# PicoCTF 2014 Write-ups

## Block - 130 (Cryptography)

#### Writeup by ZIceZ

Created: 2014-11-07 21:52:29

Last modified: 2014-11-09 23:28:10

### Problem

Daedalus Corp has been using this script to encrypt it's data! We think this file contains a password to their command server. Can you crack it?

block.py

encrypted

### Hint

Is double encryption twice as secure?

## Answer

### Overview

Find the keys through brute force using meet in the middle attack.

### Details

The encryption used is called substitution-permutation network, and the encryption algorithm is properly implemented. However, the python program adds "message: " to the beginning of every data being encrypted. Check out line 96 in the python program. This means that we know the text and the cipher text of the first 8 characters of the encrypted file. But we only need the first 3 characters to figure out the key because the encryption encrypts three characters at a time.
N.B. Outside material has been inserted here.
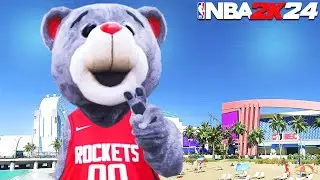 NBA 2K24 SEASON 4 In-Depth Look @ All ANIMATIONS & REWARDS!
A special trait of substitution-permutation network is that even if an adversary obtains the text and the cipher text it's still impossible to figure out the key used to encrypted. Thus, we have to brute force the key, but a key in this case is only $2^{24}$ bits long which is very brute force-able. Although, the encryption uses two keys, so one would think that $2^{48}$ calculation is needed crack the key. This is where meet in the middle attack comes in.

Since we have the text and the cipher, we can use meet in the middle to reduces the amount of calculation needed to crack both keys.

The encryption algorithm does this:

Text ---- encryption with key 1 ---> (something) ---- encryption with key 2 ---> Ciphertext


The attack works by creating a table of all possible value of (something) with all the possible combinations of key 1. Then we decrypt the ciphertext by guessing value of key 2 back and cross checking the resulting value with the table generated with key 1. When we get a match of what we decrypted with a value in the table generated, we will find out the correct value of key 1 and key 2.

Meet in the middle attack:

Text ----- some key 1 ----> (something) == (something) <------ some key 2 ---- Ciphertext


Instead of doing $2^{48}$ calculations, we have essentially done two $2^{24}$ calculations instead which is only $2^{25}$ calculations. However, this takes much more memory. On my computer it takes a few gigabytes, as opposed to straight decryption, which takes less than one megabyte. It is an example of a space-time trade off.

Make sure to run the following script in pypy, which is a dropin replacement for python that is much faster than vanilla python. My brute forcing python code

from block import encrypt_data, decrypt_data
plain_text = 'message: '
cipher_text = '\xa1\x98\xa4\x03\x85\x81\xc5\x10\x9e'

data = {}
for i in xrange(0, 16**6):
data[encrypt_data(plain_text, i)] = i

for i in xrange(0, 16**6):
try:
print ('{0:x} {1:x}'.format(data[decrypt_data(cipher_text, i)], i))
except KeyError:
pass


On my computer it uses 1 core of the CPU and 3 gigabytes of RAM and 3 minutes of time. This script should output.

9b3ce2 41013


With the keys, it's trivial to decrypt the file and get the flag.

python block.py decrypt 9b3ce2 41013 encrypted decrypted
cat decrypted


### Flag

e67db97764f9da3d818243dd8cc8b3